# Difference between revisions of "1996 AHSME Problems/Problem 20"

## Problem 20

In the xy-plane, what is the length of the shortest path from $(0,0)$ to $(12,16)$ that does not go inside the circle $(x-6)^{2}+(y-8)^{2}= 25$?

$\text{(A)}\ 10\sqrt 3\qquad\text{(B)}\ 10\sqrt 5\qquad\text{(C)}\ 10\sqrt 3+\frac{ 5\pi}{3}\qquad\text{(D)}\ 40\frac{\sqrt{3}}{3}\qquad\text{(E)}\ 10+5\pi$

## Solution

The pathway from $A(0,0)$ to $D(12,16)$ will consist of three segments:

1) $\overline{AB}$, where $AB$ is tangent to the circle at point $B$.

2) $\overline{CD}$, where $CD$ is tangent to the circle at point $C$.

3) $\widehat {BC}$, where $BC$ is an arc around the circle.

The actual path will go $A \rightarrow B \rightarrow C \rightarrow D$, so the acutal segments will be in order $1, 3, 2$.

Let $O$ be the center of the circle at $(6,8)$.

$OA = 10$ and $OB = 5$ since $B$ is on the circle. Since $\trianlge OAB$ (Error making remote request. No response to HTTP request) is a right triangle with right angle $B$, we find that $AB = \sqrt{10^2 - 5^2} = 5\sqrt{3}$. This means that $\triangle OAB$ is a $30-60-90$ triangle with sides $5:5\sqrt{3}:10$.

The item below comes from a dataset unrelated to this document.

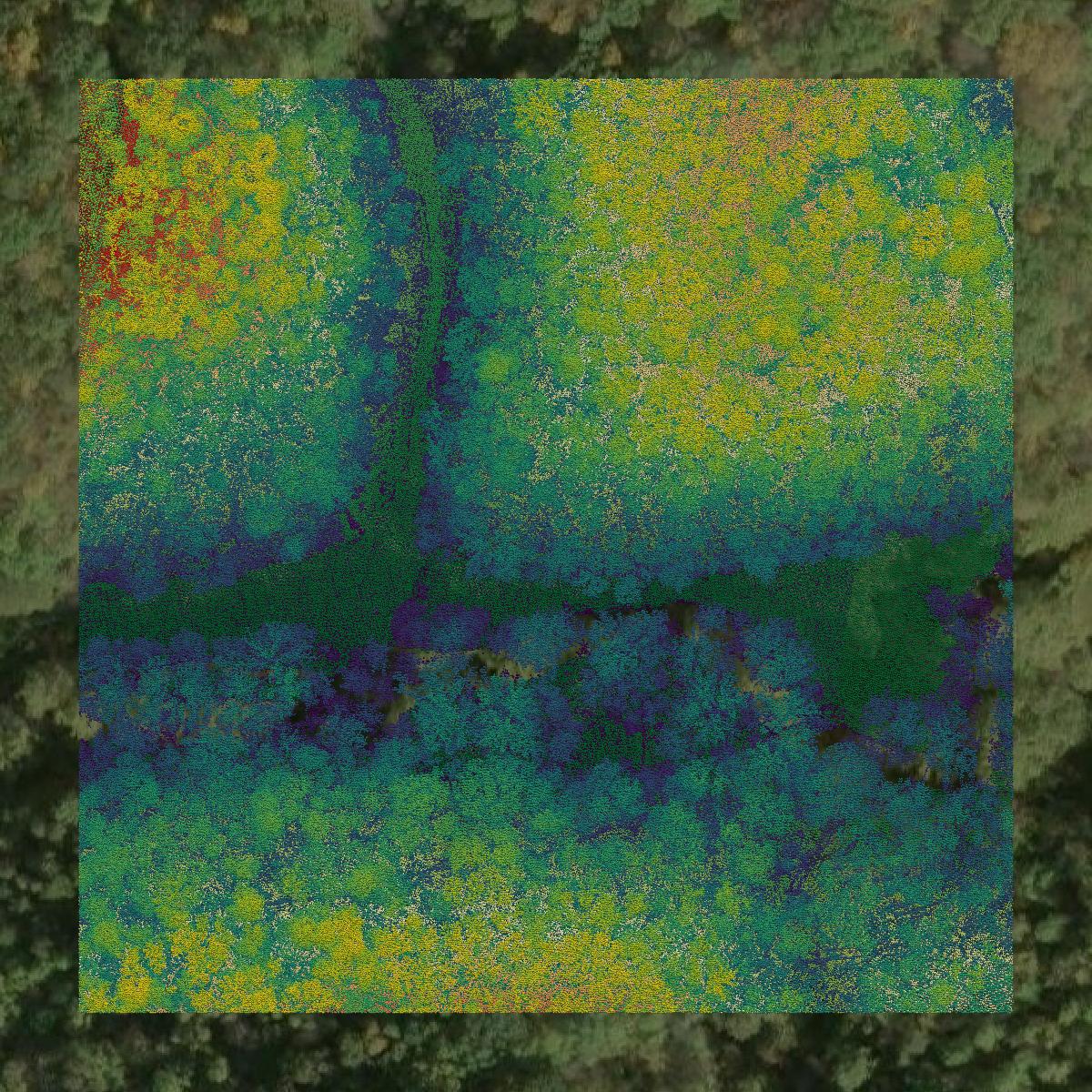 This image shows a LiDAR point cloud in Calhoun County created using GIS data in Equator.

Notice that $OAD$ is a line, since all points are on $y = 2x$. In fact, it is a line that makes a $60^\circ$ angle with the positive x-axis. Thus, $\angle DOC = 60^\circ$, and $\angle AOB = 60^\circ$. These are two parts of the stright line $OAD$. The third angle is $\angle BOC$, which must be $60^\circ$ as well. Thus, the arc that we travel is a $60^\circ$ arc, and we travel $\frac{C}{6} = \frac{2\pi r}{6} = \frac{2\pi \cdot 5}{6} = \frac{5\pi}{3}$ around the circle.

Thus, $AB = 5\sqrt{3}$, $\widehat {BC} = \frac{5\pi}{3}$, and ${CD} = 5\sqrt{3}$. The total distance is $10\sqrt{3} + \frac{5\pi}{3}$, which is option $\boxed{C}$.